Bisnis.com, JAKARTA--- Badan Penyelenggara Jaminan Sosial (BPJS) Ketenagakerjaan mengharapkan Otoritas Jasa Keuangan (OJK) mengecualikan lembaganya dari rencana pengenaan pungutan iuran terhadap industri jasa keuangan.
Elvyn G.Masassya, Direktur Utama BPJS Ketenagakerjaan, mengatakan pengecualian itu perlu karena lembaganya merupakan badan hukum publik, bukan perusahaan dengan bentuk badan hukum perseroan terbatas.
“Kami sudah menyampaikan [soal itu], tapi belum secara tertulis,” kata Elvyn seusai menghadiri acara penandatanganan kesepakatan bersama antara BPJS Ketenagakerjaan dan Kementerian Tenaga Kerja dan Transmigrasi, Kamis (3/4).
BPJS Ketenagakerjaan merupakan lembaga negara yang diawasi oleh OJK. BPJS Ketenagakerjaan merupakan lembaga hasil pembubaran PT Jamsostek dan mulai beroperasi sejak 1 Januari 2014.
Sebagai gambaran, aset milik BPJS dipisah menjadi dua yaitu aset BPJS serta aset Dana Jaminan Sosial (DJS). Berdasarkan UU No.24/2011 tentang BPJS, lembaga tersebut wajib memisahkan dua aset itu.
Mengacu kepada beleid, aset BPJS bersumber dari modal awal pemerintah, hasil pengalihan aset PT Jamsostek, hasil pengembangan aset BPJS, dana operasional yang diambil dari DJS serta sumber lain yang sah menurut peraturan.

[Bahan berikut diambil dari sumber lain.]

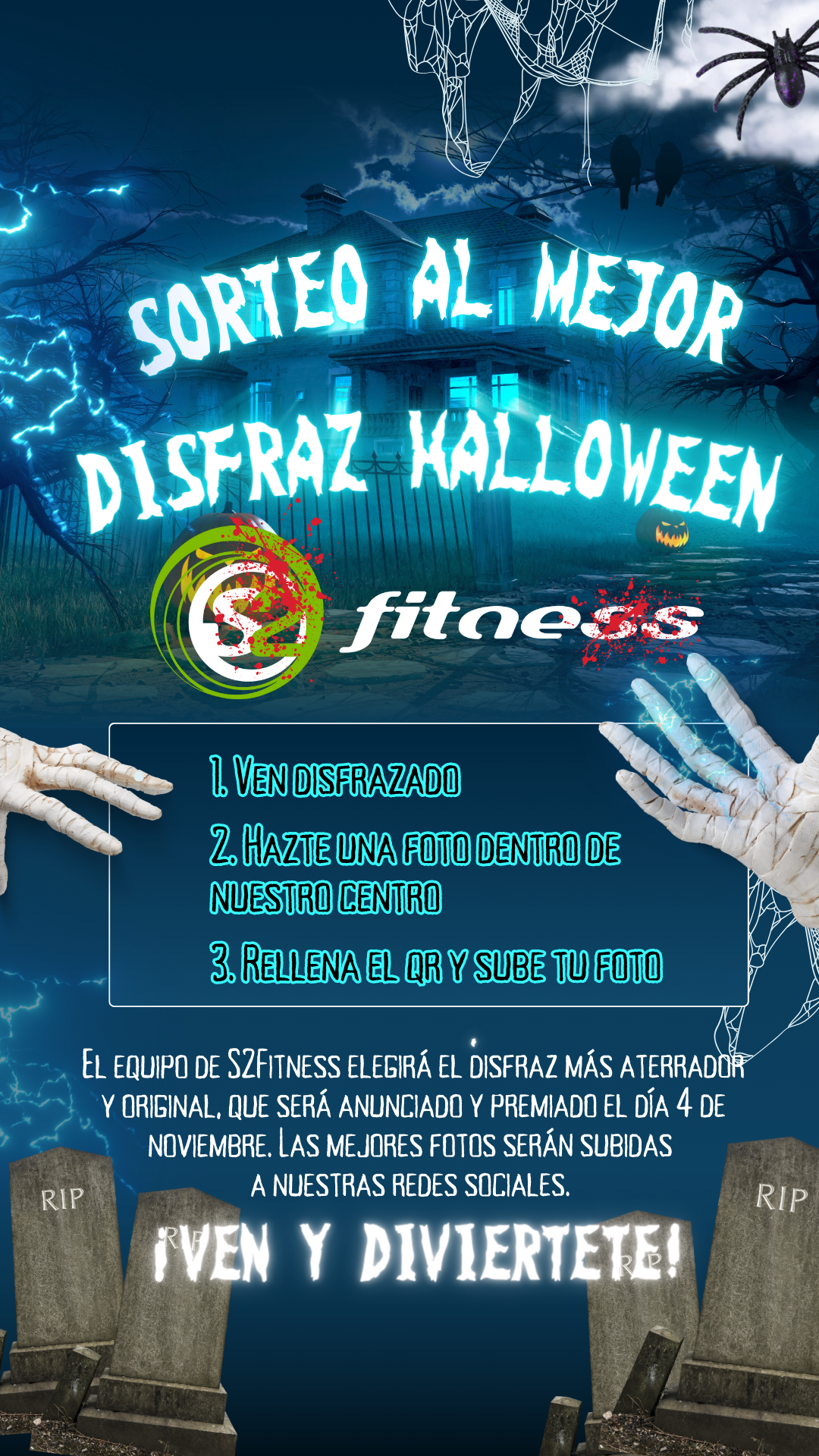 S2F Tomelloso Halloween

Aset BPJS tersebut dapat digunakan untuk biaya operasional penyelenggaraan program jaminan sosial, biaya pengadaan barang dan jasa, biaya untuk peningkatan kapasitas pelayanan serta investasi.
Sementara itu, aset DJS bersumber dari iuran jaminan sosial, hasil pengembangan DJS, hasil pengalihan aset program jaminan sosial yang menjadi hak peserta dari PT Jamsostek serta sumber lain yang sah sesuai peraturan.
Elvyn mengatakan nilai aset BPJS Ketenagakerjaan saat ini Rp8 triliun serta aset DJS mencapai Rp153 triliun. “Kami mengelola [dana itu] untuk kepentingan jaminan sosial dan usahanya atau institusinya adalah nirlaba,” katanya.